■ Assignment ■
Pictures must not appear in the copy. Restate exactly the lines below from the one with "Smart LED Vanity" through the one with "2023 $5 Desert", inclusive.

■ Source information ■
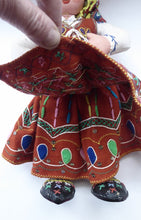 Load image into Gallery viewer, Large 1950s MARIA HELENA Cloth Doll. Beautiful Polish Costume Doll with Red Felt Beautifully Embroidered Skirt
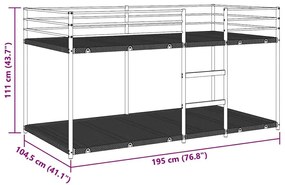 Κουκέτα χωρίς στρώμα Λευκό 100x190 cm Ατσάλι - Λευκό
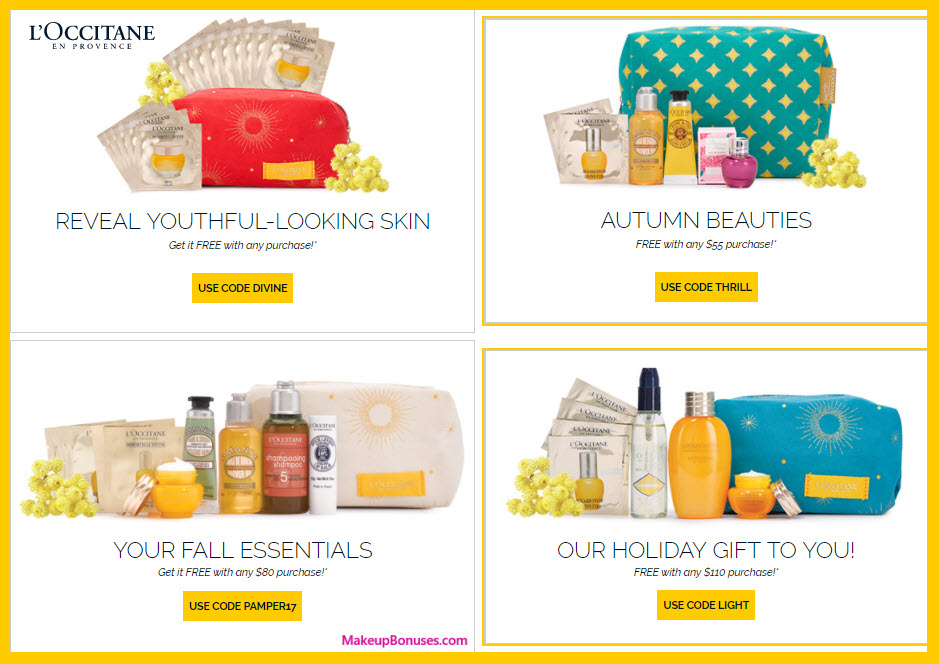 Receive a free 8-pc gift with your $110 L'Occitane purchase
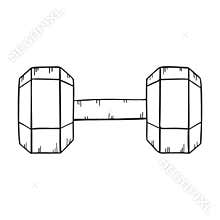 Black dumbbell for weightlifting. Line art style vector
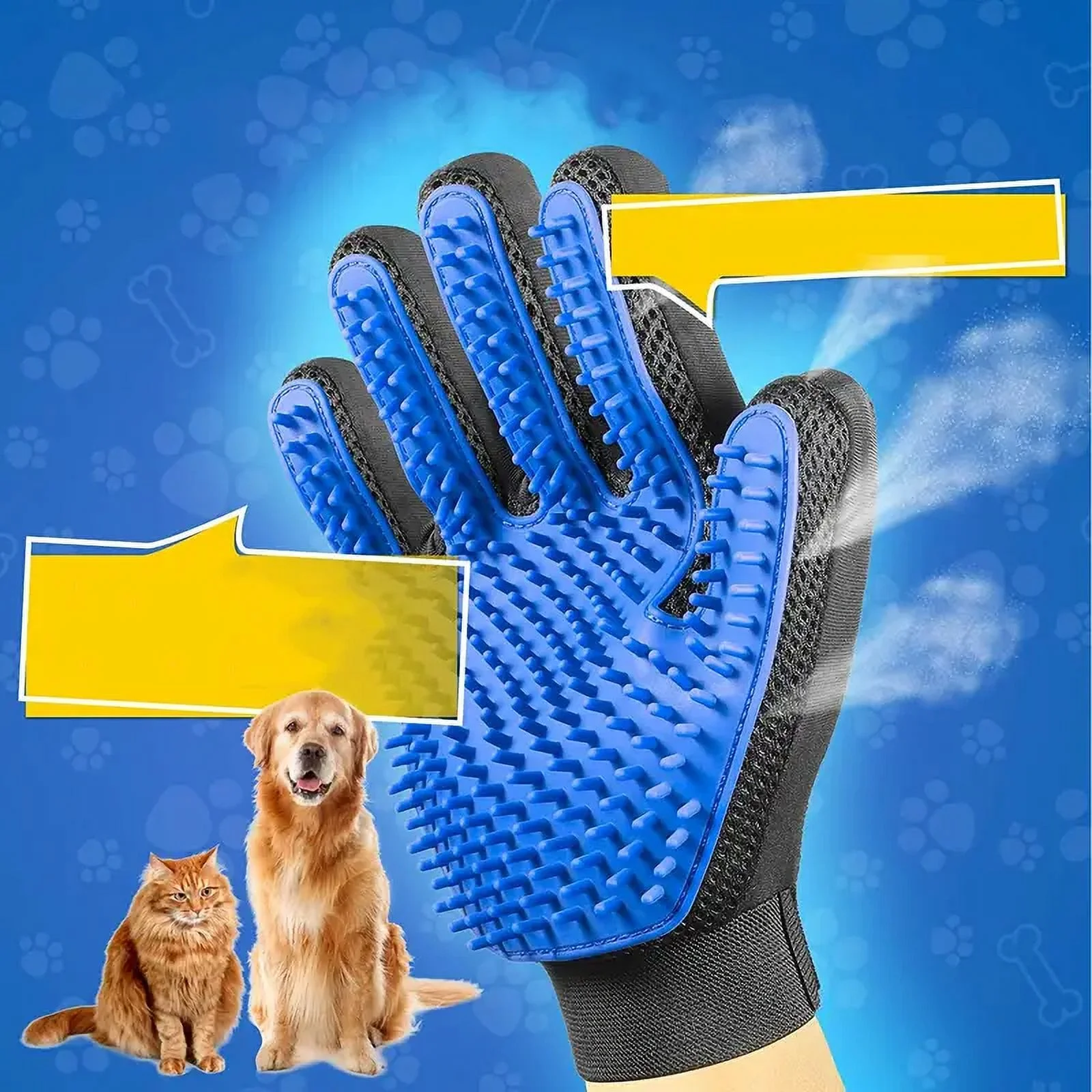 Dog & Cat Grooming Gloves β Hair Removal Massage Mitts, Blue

---

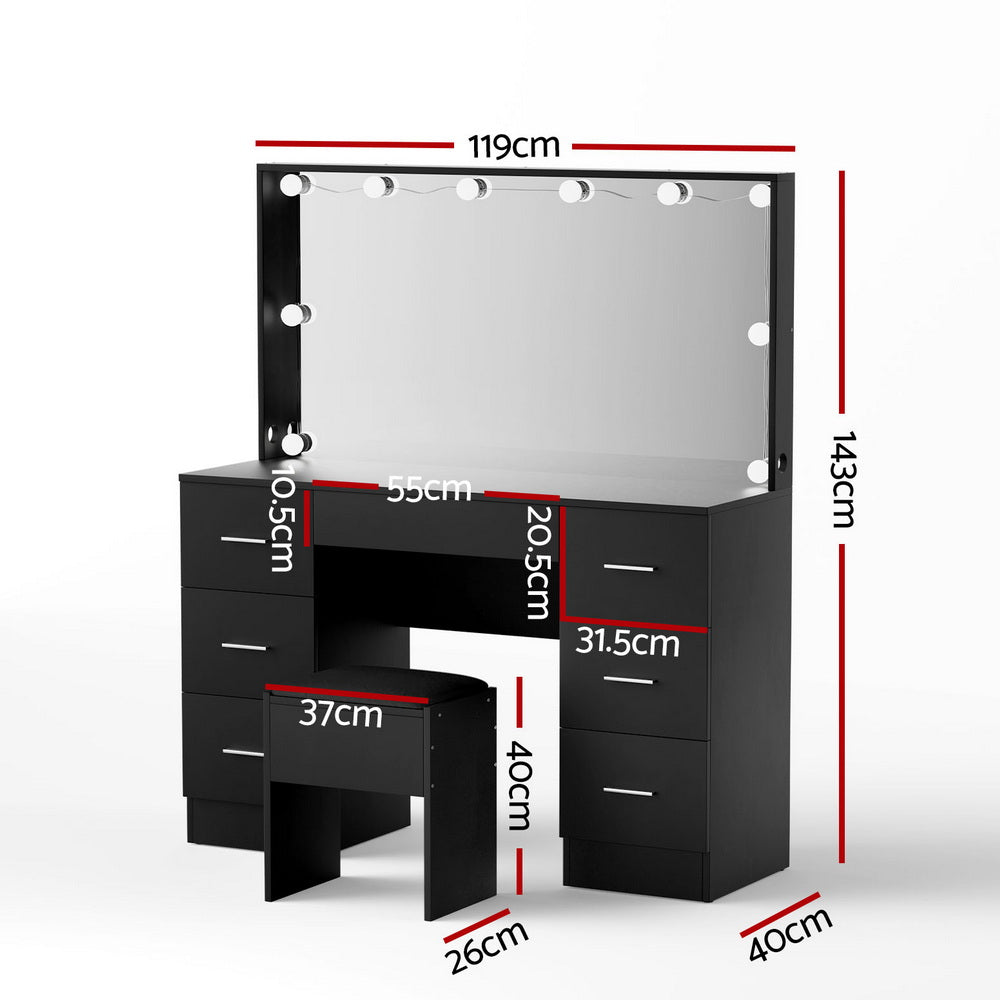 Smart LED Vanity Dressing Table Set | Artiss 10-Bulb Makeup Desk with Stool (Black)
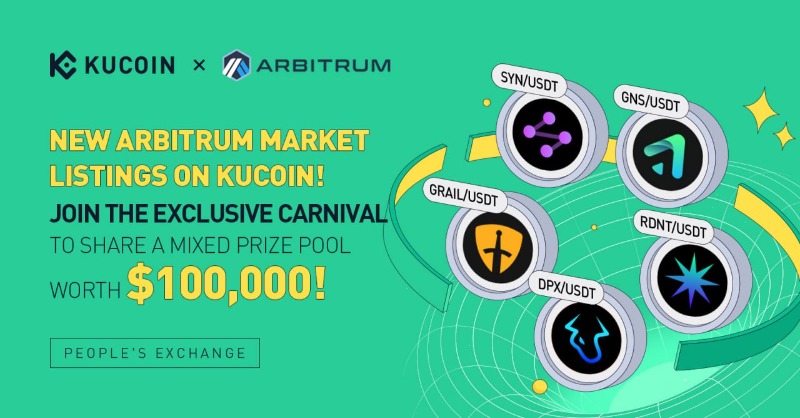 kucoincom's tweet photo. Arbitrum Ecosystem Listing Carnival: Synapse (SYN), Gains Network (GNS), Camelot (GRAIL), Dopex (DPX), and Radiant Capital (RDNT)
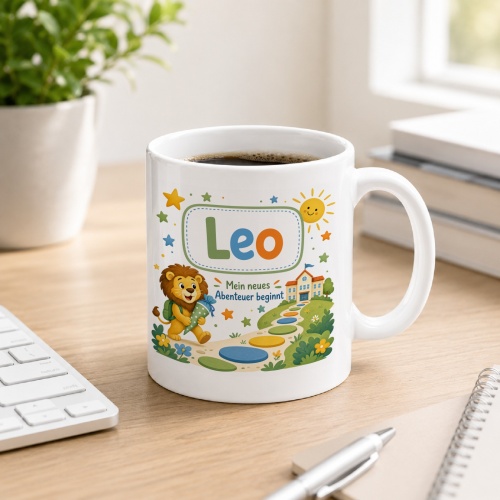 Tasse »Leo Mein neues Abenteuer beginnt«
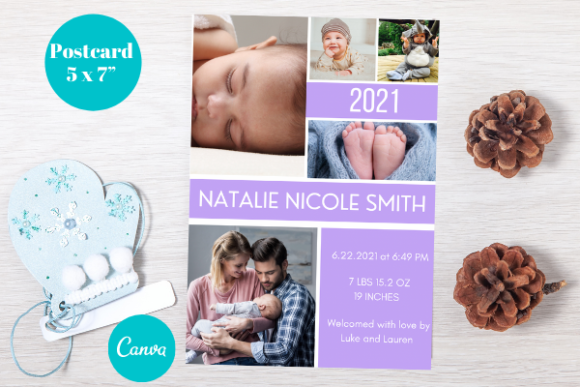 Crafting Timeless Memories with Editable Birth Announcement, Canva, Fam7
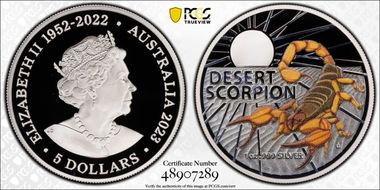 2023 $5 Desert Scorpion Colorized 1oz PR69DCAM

---

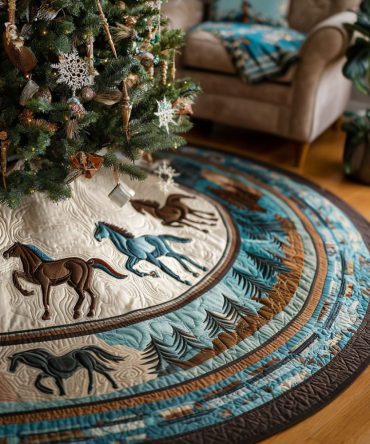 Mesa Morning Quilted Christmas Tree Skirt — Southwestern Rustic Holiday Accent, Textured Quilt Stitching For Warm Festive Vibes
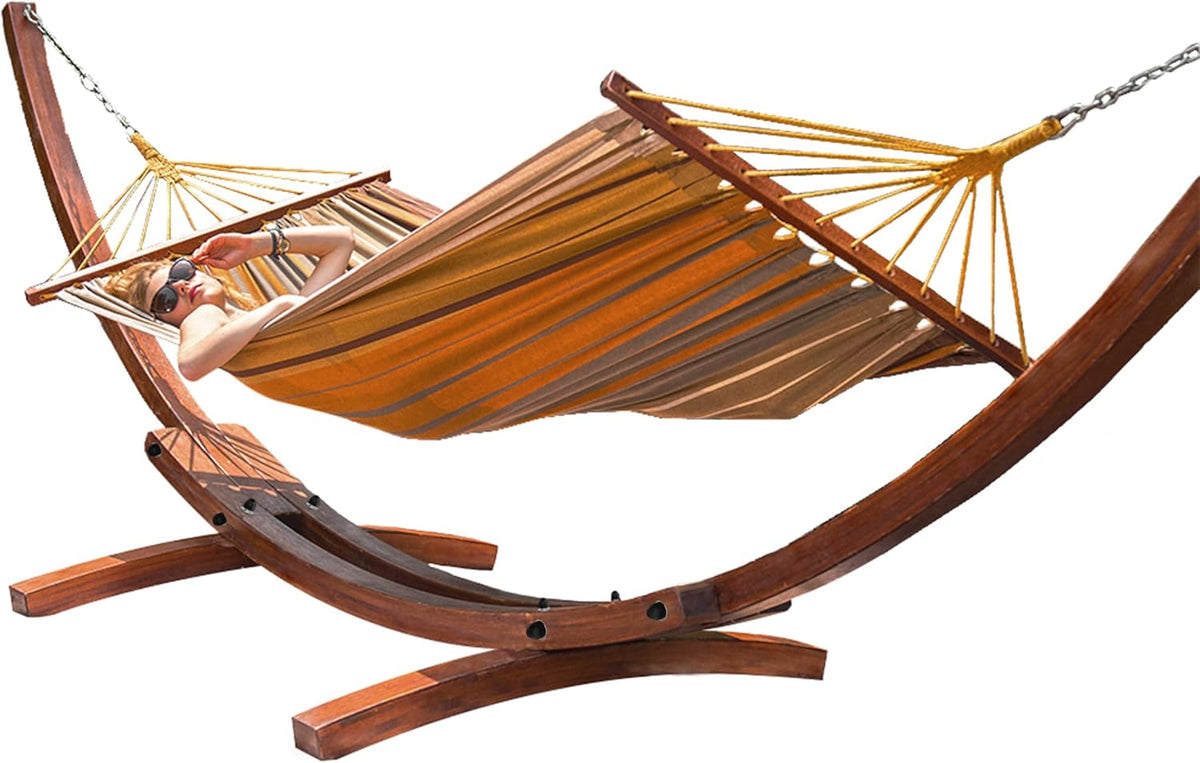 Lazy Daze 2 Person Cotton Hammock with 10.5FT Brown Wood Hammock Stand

■ Expected answer ■
 Smart LED Vanity Dressing Table Set | Artiss 10-Bulb Makeup Desk with Stool (Black)
 kucoincom's tweet photo. Arbitrum Ecosystem Listing Carnival: Synapse (SYN), Gains Network (GNS), Camelot (GRAIL), Dopex (DPX), and Radiant Capital (RDNT)
 Tasse »Leo Mein neues Abenteuer beginnt«
 Crafting Timeless Memories with Editable Birth Announcement, Canva, Fam7
 2023 $5 Desert Scorpion Colorized 1oz PR69DCAM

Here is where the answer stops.